**Activity:** Scan the data below. Pull out each line where "Slatina" occurs.

**Dataset extract:**
-=-=-

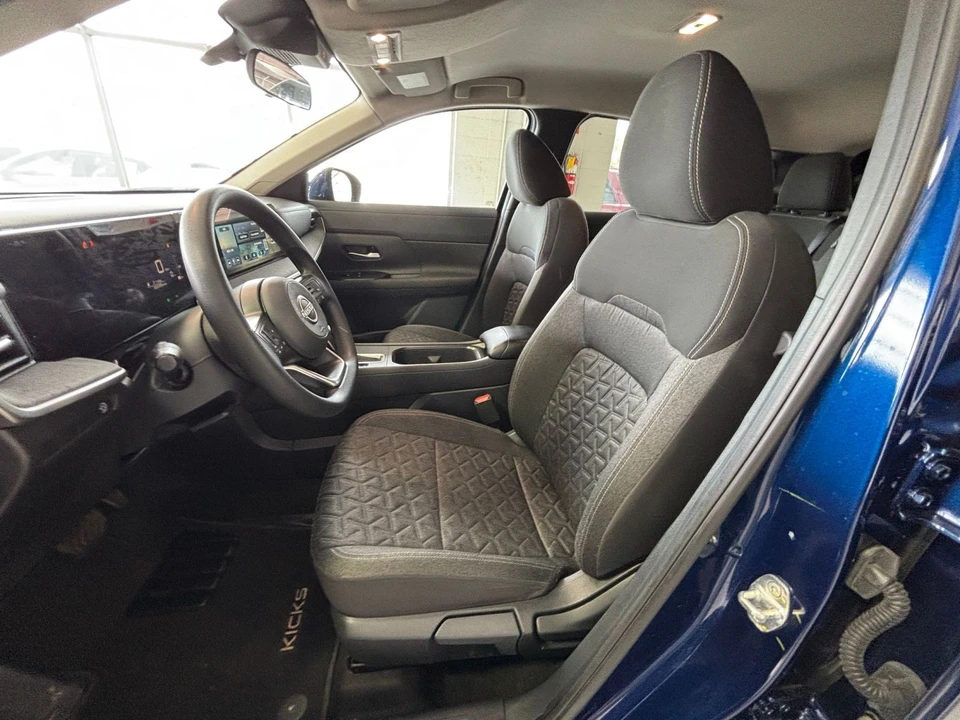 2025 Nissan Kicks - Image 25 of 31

-=-=-

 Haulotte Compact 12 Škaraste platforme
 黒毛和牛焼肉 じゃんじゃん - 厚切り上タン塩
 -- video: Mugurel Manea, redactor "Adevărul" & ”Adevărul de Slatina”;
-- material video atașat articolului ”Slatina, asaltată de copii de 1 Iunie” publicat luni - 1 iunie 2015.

-=-=-

**Solution for this problem:**
 -- video: Mugurel Manea, redactor "Adevărul" & ”Adevărul de Slatina”;
-- material video atașat articolului ”Slatina, asaltată de copii de 1 Iunie” publicat luni - 1 iunie 2015.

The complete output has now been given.